AgentFlow has two complementary quality layers:

  • Testing verifies graph mechanics, state updates, tool calls, and error handling without live models.
  • Evaluation measures behavior quality, trajectory matching, safety, and regression cases.

Testing helpers

Use agentflow.qa.testing for fast, deterministic tests.

HelperPurpose
TestAgentModel-free agent double that returns predefined responses or tool calls.
QuickTestQuick single-turn, multi-turn, tool, and graph tests.
TestResultFluent assertions for text, tool calls, messages, and errors.
TestContextContext manager for creating graphs, agents, stores, and mocks.
MockToolRegistryRegister sync or async mock tools and assert calls.
MockMCPClientMock MCP tool listing and calls.
InMemoryStoreDeterministic memory store for tests.
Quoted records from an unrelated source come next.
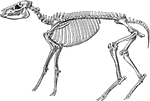 "Skeleton of Mesohippus bairdi, the three-toed ancestor of our horse. This animal was about the size of a sheep." &mdash; Davison, 1906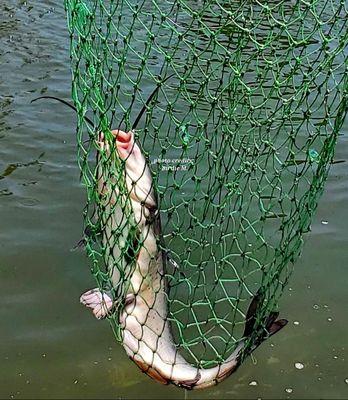 I caught my first fish!!!  :)  - Huckleberry Pond.  Anaheim, CA.  2023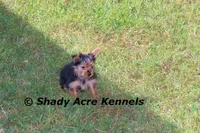 Teeny Tiny Odie, a male Yorkshire Terrier for sale in Macon, GA – Photo 5 of 6
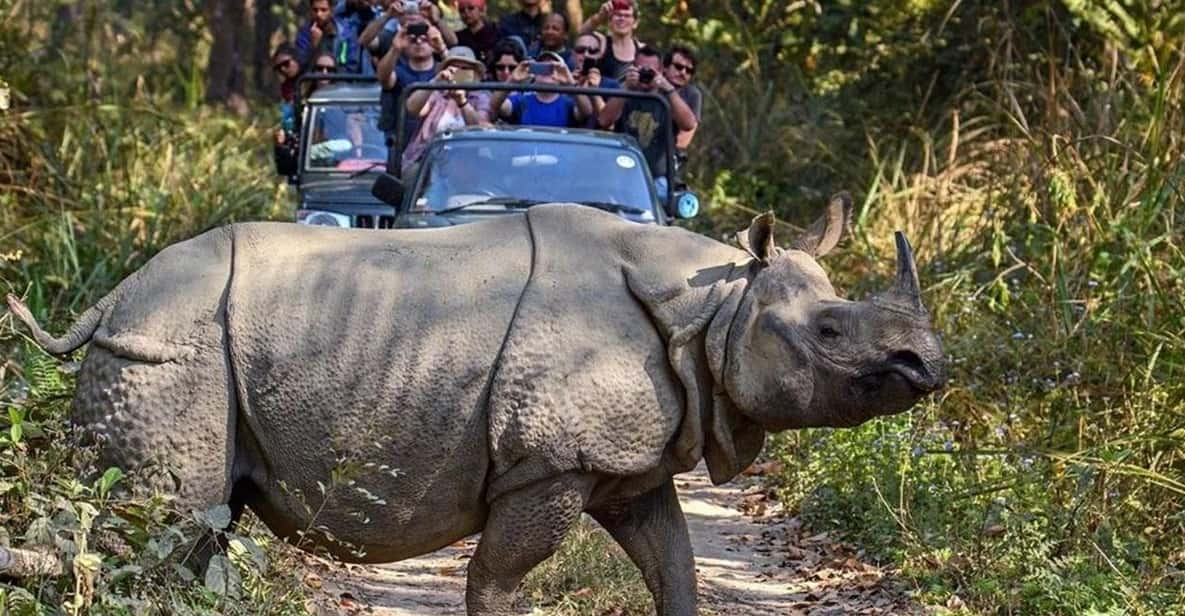 Chitwan Wildlife Adventure:Discover Nepals Jungle Treasures - Pricing and Booking Information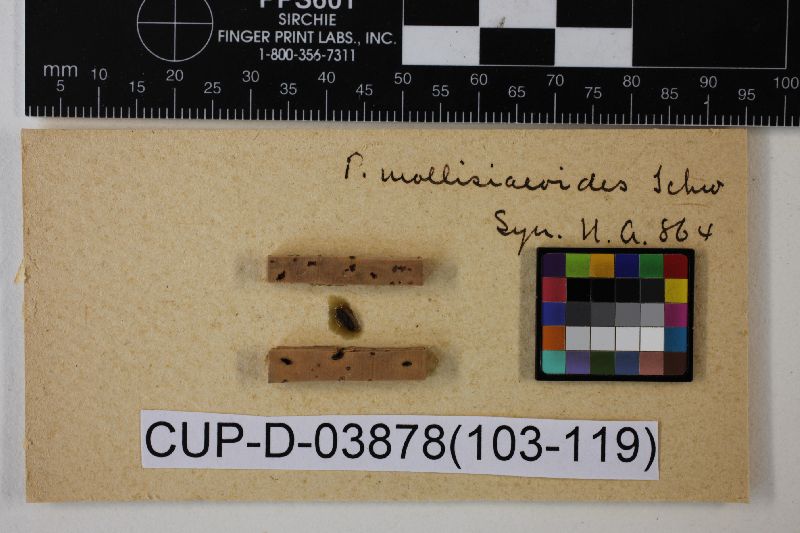 Tapesia mollisioides image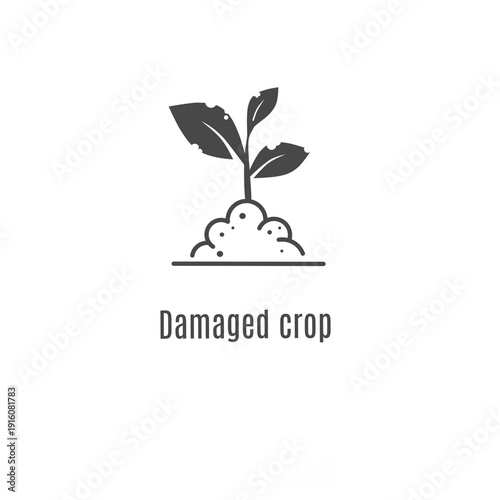 Minimalist vector icon of a damaged plant in soil with the text Damaged crop. Modern symbol for agriculture loss, plant disease, and pest impact.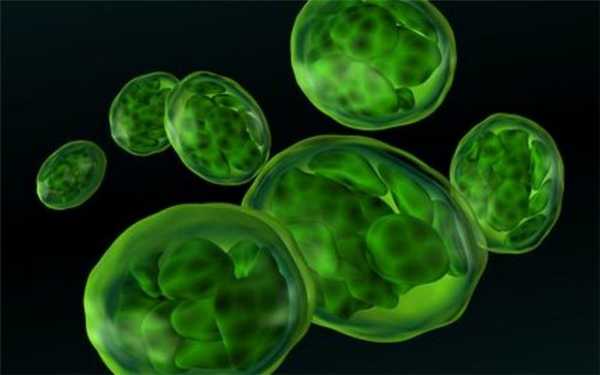 Размножение пластид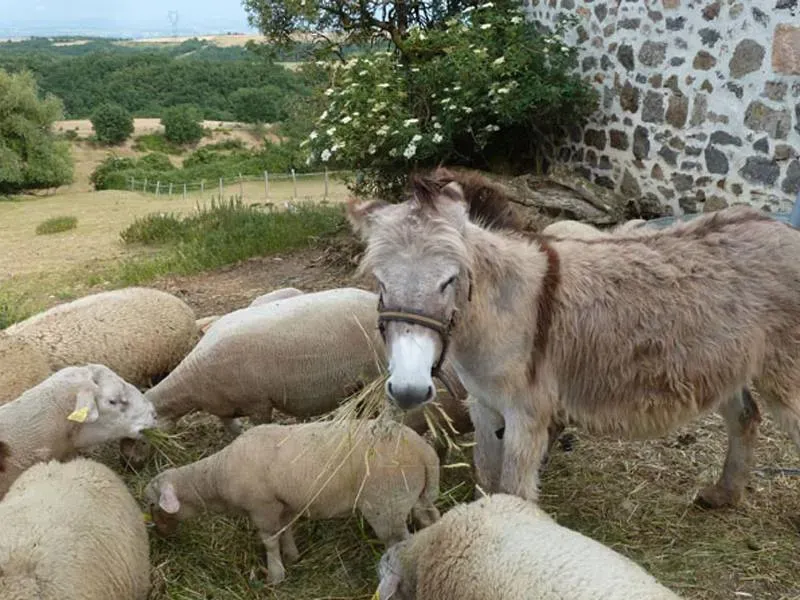 les animaux de la ferme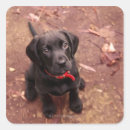 Buscar labrador retriever pegatinas Animal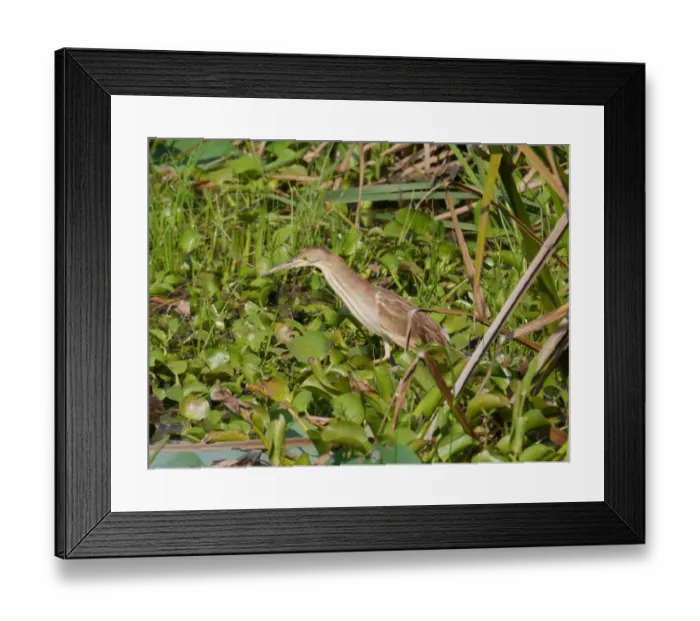 Framed Print : Yellow Bittern (Ixobrychus sinensis) immature, fishing amongst aquatic vegetation, Sri Lanka, January Framed Print : Yellow Bittern (Ixobrychus sinensis) immature, fishing amongst aquatic vegetation, Sri Lanka, January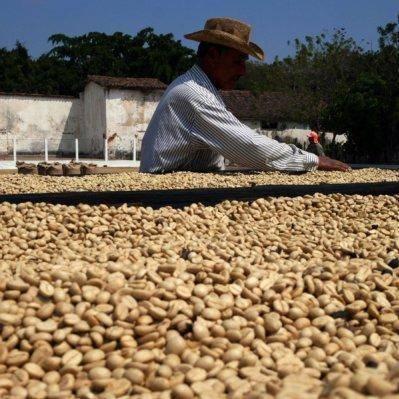Особенности выращивания кофе: условия для роста и страны-экспортеры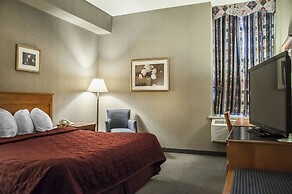 Comfort Inn Lundys Lane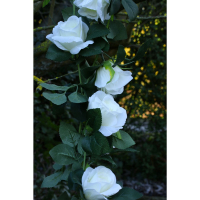 Rose Garland Cream (1.8m)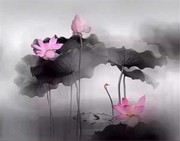 微信_7162430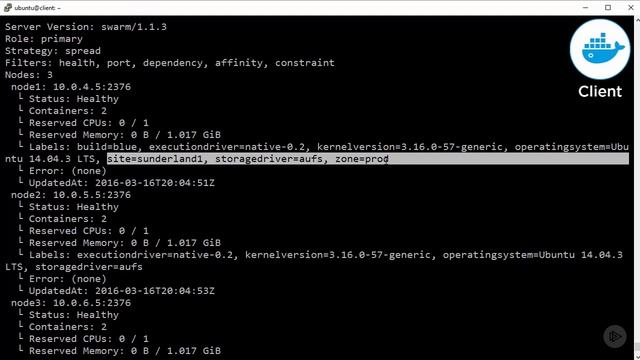 Native Docker Clustering - Custom Constraints смотреть онлайн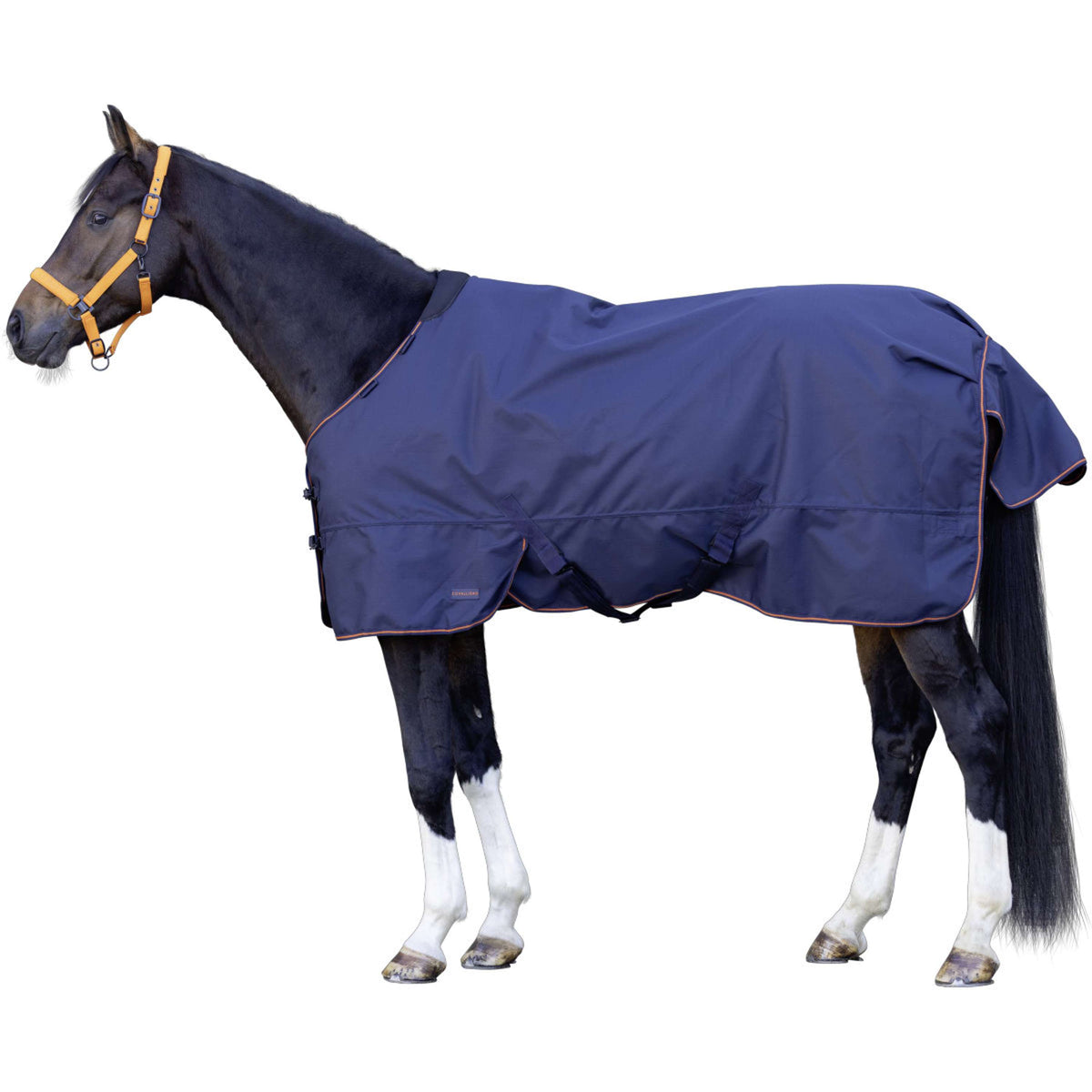 Covalliero Outdoordecke AW26 100g Dark Navy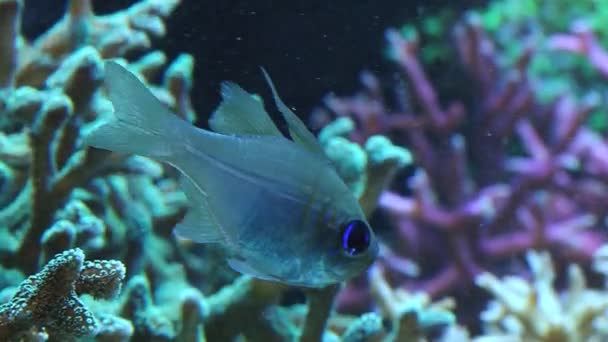 Vue sur les coraux et les poissons tropicaux dans un aquarium . — Video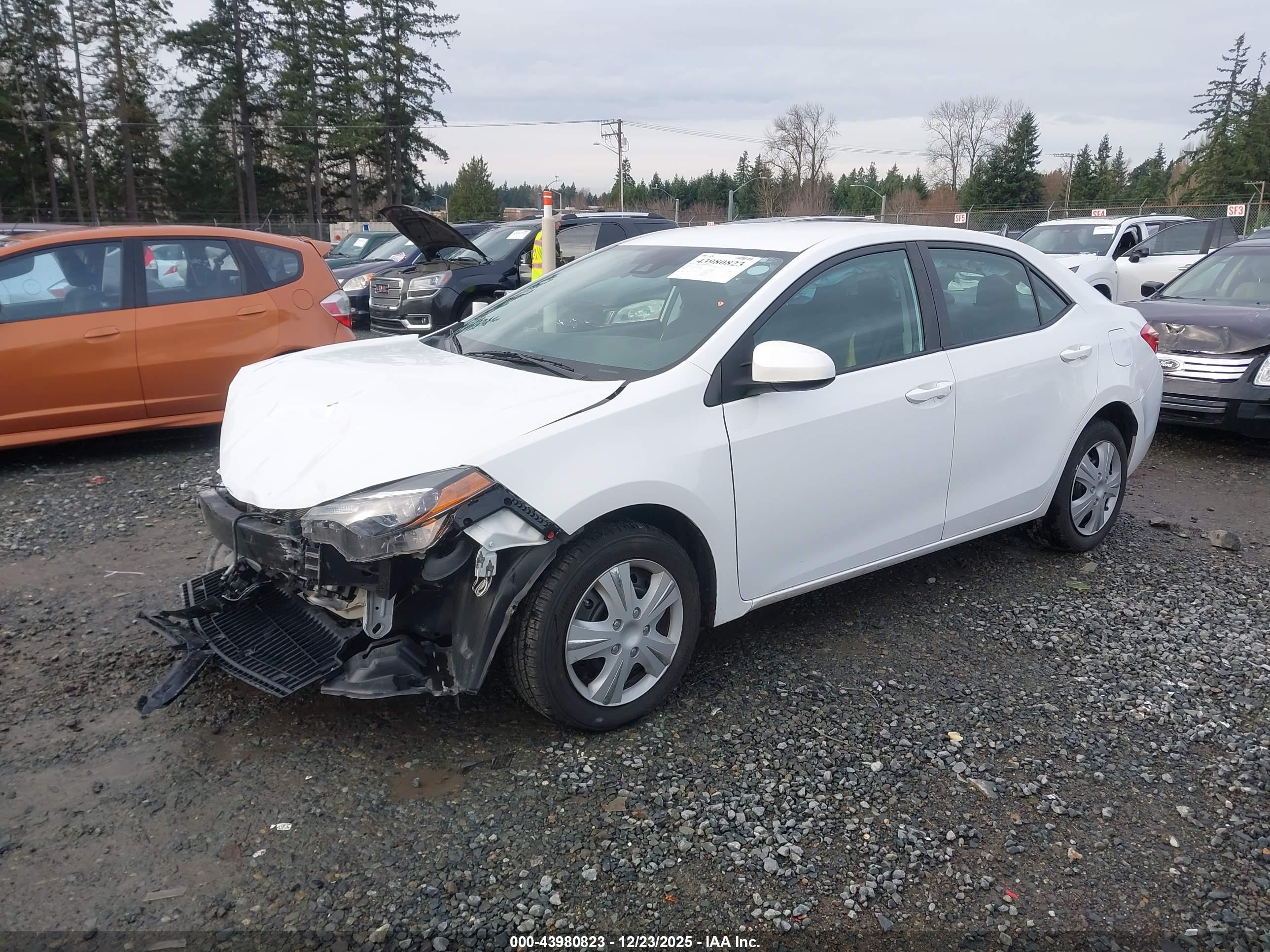 TOYOTA COROLLA image 2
Prefer these helpers over live provider calls in unit tests.

Evaluation framework

Use agentflow.qa.evaluation for datasets, criteria, and reports.

Core pieces include:

AreaExamples
DatasetsEvalCase, EvalSet, EvalSetBuilder
RunnersAgentEvaluator, QuickEval, run_eval
CriteriaResponse, trajectory, tool, safety, factual accuracy, hallucination, rubric, LLM judge
ReportsConsole, JSON, HTML, JUnit XML

Evaluation is the better fit for behavior quality, safety policy, and workflow regressions that are hard to express as ordinary unit assertions.

Trajectory checks

Trajectory evaluation records node and tool execution, then compares it with expected paths. Use this when the answer text is less important than whether the graph used the right route, tool, or handoff.

Rules

RuleWhy it matters
Keep unit tests model-freeFast tests should be deterministic.
Isolate live provider testsThey are slower, cost money, and can be flaky.
Use evals for behavior qualityEvals can compare outputs, paths, safety, and rubrics.
Compile once when collecting trajectoriesCallback state should not be lost between cases.